---------- PROVIDED INFORMATION

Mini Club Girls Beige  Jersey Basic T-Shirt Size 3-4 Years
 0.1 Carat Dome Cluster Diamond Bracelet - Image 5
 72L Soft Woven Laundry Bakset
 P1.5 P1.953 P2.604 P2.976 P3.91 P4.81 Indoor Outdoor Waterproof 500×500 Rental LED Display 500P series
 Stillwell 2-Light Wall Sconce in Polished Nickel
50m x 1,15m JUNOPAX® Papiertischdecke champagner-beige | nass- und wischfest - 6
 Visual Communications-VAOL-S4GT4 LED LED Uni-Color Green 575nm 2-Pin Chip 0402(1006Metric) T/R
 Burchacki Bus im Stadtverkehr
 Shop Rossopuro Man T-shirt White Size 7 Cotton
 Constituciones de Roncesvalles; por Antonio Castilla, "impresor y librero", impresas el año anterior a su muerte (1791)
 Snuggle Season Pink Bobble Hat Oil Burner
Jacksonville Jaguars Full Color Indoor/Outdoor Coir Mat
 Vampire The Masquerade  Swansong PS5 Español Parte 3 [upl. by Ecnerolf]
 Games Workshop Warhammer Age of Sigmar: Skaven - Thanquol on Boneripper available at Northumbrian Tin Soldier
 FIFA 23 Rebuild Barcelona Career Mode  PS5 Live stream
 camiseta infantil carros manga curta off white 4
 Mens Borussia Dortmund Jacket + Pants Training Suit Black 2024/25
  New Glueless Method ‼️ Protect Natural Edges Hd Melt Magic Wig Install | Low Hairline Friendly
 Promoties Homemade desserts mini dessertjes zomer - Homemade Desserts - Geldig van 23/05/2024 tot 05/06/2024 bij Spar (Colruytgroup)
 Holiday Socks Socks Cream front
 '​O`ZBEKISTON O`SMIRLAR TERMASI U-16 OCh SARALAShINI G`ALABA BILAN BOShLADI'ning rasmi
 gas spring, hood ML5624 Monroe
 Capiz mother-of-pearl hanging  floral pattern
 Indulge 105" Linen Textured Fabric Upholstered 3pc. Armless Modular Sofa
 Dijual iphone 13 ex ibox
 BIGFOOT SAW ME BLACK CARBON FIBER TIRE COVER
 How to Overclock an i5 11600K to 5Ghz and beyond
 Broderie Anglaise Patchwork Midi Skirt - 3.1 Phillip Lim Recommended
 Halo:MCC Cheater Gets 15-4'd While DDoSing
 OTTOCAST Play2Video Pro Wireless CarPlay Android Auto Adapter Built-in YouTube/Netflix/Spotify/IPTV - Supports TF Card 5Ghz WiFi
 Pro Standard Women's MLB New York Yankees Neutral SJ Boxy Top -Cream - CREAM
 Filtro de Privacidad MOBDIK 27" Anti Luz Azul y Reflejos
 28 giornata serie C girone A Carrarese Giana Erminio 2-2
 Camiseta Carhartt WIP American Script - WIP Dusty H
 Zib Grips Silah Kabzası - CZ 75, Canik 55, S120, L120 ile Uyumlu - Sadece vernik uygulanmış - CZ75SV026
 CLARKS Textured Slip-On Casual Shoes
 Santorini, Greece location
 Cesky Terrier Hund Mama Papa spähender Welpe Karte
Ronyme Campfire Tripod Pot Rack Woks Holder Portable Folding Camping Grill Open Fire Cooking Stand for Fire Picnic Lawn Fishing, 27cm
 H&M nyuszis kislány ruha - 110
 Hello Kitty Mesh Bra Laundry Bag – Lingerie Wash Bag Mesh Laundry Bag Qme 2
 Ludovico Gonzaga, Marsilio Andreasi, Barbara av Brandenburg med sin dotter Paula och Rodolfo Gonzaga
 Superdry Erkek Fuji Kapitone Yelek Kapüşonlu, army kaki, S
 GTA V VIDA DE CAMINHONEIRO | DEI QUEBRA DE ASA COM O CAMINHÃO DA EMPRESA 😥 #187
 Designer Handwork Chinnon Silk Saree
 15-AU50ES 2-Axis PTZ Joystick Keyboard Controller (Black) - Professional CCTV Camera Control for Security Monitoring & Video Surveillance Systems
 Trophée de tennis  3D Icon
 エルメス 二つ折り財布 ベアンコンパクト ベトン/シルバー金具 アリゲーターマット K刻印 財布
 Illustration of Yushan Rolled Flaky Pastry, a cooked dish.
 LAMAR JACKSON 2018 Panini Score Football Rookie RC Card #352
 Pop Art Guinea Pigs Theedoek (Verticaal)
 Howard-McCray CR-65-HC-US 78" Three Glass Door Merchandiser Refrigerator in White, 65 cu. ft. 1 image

--------------------

■ REQUIRED WORK
From the first line to the last, transcribe the records exactly.

■ YOUR SOLUTION
Mini Club Girls Beige  Jersey Basic T-Shirt Size 3-4 Years
 0.1 Carat Dome Cluster Diamond Bracelet - Image 5
 72L Soft Woven Laundry Bakset
 P1.5 P1.953 P2.604 P2.976 P3.91 P4.81 Indoor Outdoor Waterproof 500×500 Rental LED Display 500P series
 Stillwell 2-Light Wall Sconce in Polished Nickel
50m x 1,15m JUNOPAX® Papiertischdecke champagner-beige | nass- und wischfest - 6
 Visual Communications-VAOL-S4GT4 LED LED Uni-Color Green 575nm 2-Pin Chip 0402(1006Metric) T/R
 Burchacki Bus im Stadtverkehr
 Shop Rossopuro Man T-shirt White Size 7 Cotton
 Constituciones de Roncesvalles; por Antonio Castilla, "impresor y librero", impresas el año anterior a su muerte (1791)
 Snuggle Season Pink Bobble Hat Oil Burner
Jacksonville Jaguars Full Color Indoor/Outdoor Coir Mat
 Vampire The Masquerade  Swansong PS5 Español Parte 3 [upl. by Ecnerolf]
 Games Workshop Warhammer Age of Sigmar: Skaven - Thanquol on Boneripper available at Northumbrian Tin Soldier
 FIFA 23 Rebuild Barcelona Career Mode  PS5 Live stream
 camiseta infantil carros manga curta off white 4
 Mens Borussia Dortmund Jacket + Pants Training Suit Black 2024/25
  New Glueless Method ‼️ Protect Natural Edges Hd Melt Magic Wig Install | Low Hairline Friendly
 Promoties Homemade desserts mini dessertjes zomer - Homemade Desserts - Geldig van 23/05/2024 tot 05/06/2024 bij Spar (Colruytgroup)
 Holiday Socks Socks Cream front
 '​O`ZBEKISTON O`SMIRLAR TERMASI U-16 OCh SARALAShINI G`ALABA BILAN BOShLADI'ning rasmi
 gas spring, hood ML5624 Monroe
 Capiz mother-of-pearl hanging  floral pattern
 Indulge 105" Linen Textured Fabric Upholstered 3pc. Armless Modular Sofa
 Dijual iphone 13 ex ibox
 BIGFOOT SAW ME BLACK CARBON FIBER TIRE COVER
 How to Overclock an i5 11600K to 5Ghz and beyond
 Broderie Anglaise Patchwork Midi Skirt - 3.1 Phillip Lim Recommended
 Halo:MCC Cheater Gets 15-4'd While DDoSing
 OTTOCAST Play2Video Pro Wireless CarPlay Android Auto Adapter Built-in YouTube/Netflix/Spotify/IPTV - Supports TF Card 5Ghz WiFi
 Pro Standard Women's MLB New York Yankees Neutral SJ Boxy Top -Cream - CREAM
 Filtro de Privacidad MOBDIK 27" Anti Luz Azul y Reflejos
 28 giornata serie C girone A Carrarese Giana Erminio 2-2
 Camiseta Carhartt WIP American Script - WIP Dusty H
 Zib Grips Silah Kabzası - CZ 75, Canik 55, S120, L120 ile Uyumlu - Sadece vernik uygulanmış - CZ75SV026
 CLARKS Textured Slip-On Casual Shoes
 Santorini, Greece location
 Cesky Terrier Hund Mama Papa spähender Welpe Karte
Ronyme Campfire Tripod Pot Rack Woks Holder Portable Folding Camping Grill Open Fire Cooking Stand for Fire Picnic Lawn Fishing, 27cm
 H&M nyuszis kislány ruha - 110
 Hello Kitty Mesh Bra Laundry Bag – Lingerie Wash Bag Mesh Laundry Bag Qme 2
 Ludovico Gonzaga, Marsilio Andreasi, Barbara av Brandenburg med sin dotter Paula och Rodolfo Gonzaga
 Superdry Erkek Fuji Kapitone Yelek Kapüşonlu, army kaki, S
 GTA V VIDA DE CAMINHONEIRO | DEI QUEBRA DE ASA COM O CAMINHÃO DA EMPRESA 😥 #187
 Designer Handwork Chinnon Silk Saree
 15-AU50ES 2-Axis PTZ Joystick Keyboard Controller (Black) - Professional CCTV Camera Control for Security Monitoring & Video Surveillance Systems
 Trophée de tennis  3D Icon
 エルメス 二つ折り財布 ベアンコンパクト ベトン/シルバー金具 アリゲーターマット K刻印 財布
 Illustration of Yushan Rolled Flaky Pastry, a cooked dish.
 LAMAR JACKSON 2018 Panini Score Football Rookie RC Card #352
 Pop Art Guinea Pigs Theedoek (Verticaal)
 Howard-McCray CR-65-HC-US 78" Three Glass Door Merchandiser Refrigerator in White, 65 cu. ft. 1 image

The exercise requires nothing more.